- **Data records**
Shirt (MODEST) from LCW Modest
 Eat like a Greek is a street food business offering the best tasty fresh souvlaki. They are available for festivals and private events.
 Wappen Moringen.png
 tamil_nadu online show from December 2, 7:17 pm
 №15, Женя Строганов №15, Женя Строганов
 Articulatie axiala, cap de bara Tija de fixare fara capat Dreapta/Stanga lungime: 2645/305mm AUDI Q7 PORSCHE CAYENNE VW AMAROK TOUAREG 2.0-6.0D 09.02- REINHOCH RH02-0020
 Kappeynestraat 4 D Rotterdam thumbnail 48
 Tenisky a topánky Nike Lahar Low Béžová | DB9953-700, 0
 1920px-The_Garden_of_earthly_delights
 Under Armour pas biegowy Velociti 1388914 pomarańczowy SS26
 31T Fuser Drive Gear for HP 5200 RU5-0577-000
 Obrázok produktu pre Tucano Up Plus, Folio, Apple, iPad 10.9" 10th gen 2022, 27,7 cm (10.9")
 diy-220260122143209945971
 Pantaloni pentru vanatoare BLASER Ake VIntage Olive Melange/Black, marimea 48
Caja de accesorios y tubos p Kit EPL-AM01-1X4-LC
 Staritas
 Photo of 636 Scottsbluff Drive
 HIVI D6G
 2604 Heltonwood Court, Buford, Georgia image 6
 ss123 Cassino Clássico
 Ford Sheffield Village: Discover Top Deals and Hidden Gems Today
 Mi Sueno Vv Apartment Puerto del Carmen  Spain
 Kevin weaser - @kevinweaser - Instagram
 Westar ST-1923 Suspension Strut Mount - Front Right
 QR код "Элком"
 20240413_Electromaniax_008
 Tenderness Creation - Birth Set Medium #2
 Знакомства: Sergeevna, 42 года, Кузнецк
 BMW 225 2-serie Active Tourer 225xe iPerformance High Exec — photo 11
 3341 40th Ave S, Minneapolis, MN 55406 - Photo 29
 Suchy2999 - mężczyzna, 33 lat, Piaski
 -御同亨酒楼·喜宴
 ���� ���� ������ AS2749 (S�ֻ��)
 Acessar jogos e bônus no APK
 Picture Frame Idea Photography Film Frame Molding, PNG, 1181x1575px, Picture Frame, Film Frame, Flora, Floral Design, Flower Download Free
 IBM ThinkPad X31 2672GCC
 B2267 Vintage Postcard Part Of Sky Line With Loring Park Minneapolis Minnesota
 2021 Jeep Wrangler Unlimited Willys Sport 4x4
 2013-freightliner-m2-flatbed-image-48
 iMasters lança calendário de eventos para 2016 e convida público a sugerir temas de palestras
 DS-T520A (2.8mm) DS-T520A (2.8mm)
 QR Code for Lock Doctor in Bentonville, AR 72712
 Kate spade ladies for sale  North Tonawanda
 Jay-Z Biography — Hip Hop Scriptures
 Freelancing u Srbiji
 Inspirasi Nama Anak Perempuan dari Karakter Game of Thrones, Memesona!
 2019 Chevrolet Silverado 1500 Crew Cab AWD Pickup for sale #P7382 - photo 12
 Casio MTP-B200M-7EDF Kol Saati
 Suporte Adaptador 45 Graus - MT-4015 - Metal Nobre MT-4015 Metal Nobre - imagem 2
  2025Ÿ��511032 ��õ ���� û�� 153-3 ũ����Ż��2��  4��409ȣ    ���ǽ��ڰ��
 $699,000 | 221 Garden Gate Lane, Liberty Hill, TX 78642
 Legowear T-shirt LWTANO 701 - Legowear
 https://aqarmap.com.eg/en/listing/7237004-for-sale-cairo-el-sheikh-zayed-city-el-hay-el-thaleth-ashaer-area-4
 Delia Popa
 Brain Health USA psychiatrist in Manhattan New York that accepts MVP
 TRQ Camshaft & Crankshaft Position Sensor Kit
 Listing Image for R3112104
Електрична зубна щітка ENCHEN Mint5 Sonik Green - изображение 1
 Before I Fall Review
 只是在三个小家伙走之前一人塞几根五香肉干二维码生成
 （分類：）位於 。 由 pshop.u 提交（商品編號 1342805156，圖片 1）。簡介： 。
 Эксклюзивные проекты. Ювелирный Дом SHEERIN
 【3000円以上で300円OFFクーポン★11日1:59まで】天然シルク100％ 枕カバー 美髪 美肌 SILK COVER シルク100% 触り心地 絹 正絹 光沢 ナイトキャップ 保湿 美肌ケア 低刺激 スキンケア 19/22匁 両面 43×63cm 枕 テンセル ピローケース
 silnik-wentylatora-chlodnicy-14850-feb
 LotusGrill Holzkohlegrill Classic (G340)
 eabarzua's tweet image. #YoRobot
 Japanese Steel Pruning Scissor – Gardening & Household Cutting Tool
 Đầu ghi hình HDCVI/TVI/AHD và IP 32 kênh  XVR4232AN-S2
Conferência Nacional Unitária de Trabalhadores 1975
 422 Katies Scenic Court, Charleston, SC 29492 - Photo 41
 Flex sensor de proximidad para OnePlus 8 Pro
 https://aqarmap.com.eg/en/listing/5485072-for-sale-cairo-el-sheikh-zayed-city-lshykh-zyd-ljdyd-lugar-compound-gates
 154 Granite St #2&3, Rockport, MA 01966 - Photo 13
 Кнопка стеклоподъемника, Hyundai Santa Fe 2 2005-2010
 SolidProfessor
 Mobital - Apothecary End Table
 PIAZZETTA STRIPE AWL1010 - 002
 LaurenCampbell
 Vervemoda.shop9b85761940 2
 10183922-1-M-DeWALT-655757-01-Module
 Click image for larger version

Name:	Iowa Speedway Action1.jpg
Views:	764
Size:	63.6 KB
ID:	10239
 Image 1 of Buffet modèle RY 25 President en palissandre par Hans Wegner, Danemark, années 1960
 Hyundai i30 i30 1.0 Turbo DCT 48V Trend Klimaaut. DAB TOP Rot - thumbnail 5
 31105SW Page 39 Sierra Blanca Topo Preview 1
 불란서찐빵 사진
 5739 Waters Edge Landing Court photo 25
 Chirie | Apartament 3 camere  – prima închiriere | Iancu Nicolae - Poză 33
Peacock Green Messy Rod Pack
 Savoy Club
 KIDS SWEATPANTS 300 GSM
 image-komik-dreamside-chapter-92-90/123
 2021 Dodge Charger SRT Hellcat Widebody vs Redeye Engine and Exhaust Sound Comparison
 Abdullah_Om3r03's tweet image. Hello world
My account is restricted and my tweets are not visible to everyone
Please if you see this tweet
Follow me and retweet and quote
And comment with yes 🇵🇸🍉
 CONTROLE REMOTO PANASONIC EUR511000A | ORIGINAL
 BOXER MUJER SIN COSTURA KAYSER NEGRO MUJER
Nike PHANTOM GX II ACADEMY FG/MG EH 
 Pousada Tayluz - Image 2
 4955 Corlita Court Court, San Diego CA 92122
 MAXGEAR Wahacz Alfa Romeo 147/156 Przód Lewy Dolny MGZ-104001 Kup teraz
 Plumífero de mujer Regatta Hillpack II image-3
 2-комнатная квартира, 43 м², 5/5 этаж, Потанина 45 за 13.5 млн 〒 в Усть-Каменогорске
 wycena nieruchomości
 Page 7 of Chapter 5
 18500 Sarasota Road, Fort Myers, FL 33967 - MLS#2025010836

- **Task**
Write out exactly the lines above between the line with "Click image for larger version" and the line with "2021 Dodge Charger", inclusive, and nothing beyond them.

- **Finished exercise**
 Click image for larger version

Name:	Iowa Speedway Action1.jpg
Views:	764
Size:	63.6 KB
ID:	10239
 Image 1 of Buffet modèle RY 25 President en palissandre par Hans Wegner, Danemark, années 1960
 Hyundai i30 i30 1.0 Turbo DCT 48V Trend Klimaaut. DAB TOP Rot - thumbnail 5
 31105SW Page 39 Sierra Blanca Topo Preview 1
 불란서찐빵 사진
 5739 Waters Edge Landing Court photo 25
 Chirie | Apartament 3 camere  – prima închiriere | Iancu Nicolae - Poză 33
Peacock Green Messy Rod Pack
 Savoy Club
 KIDS SWEATPANTS 300 GSM
 image-komik-dreamside-chapter-92-90/123
 2021 Dodge Charger SRT Hellcat Widebody vs Redeye Engine and Exhaust Sound Comparison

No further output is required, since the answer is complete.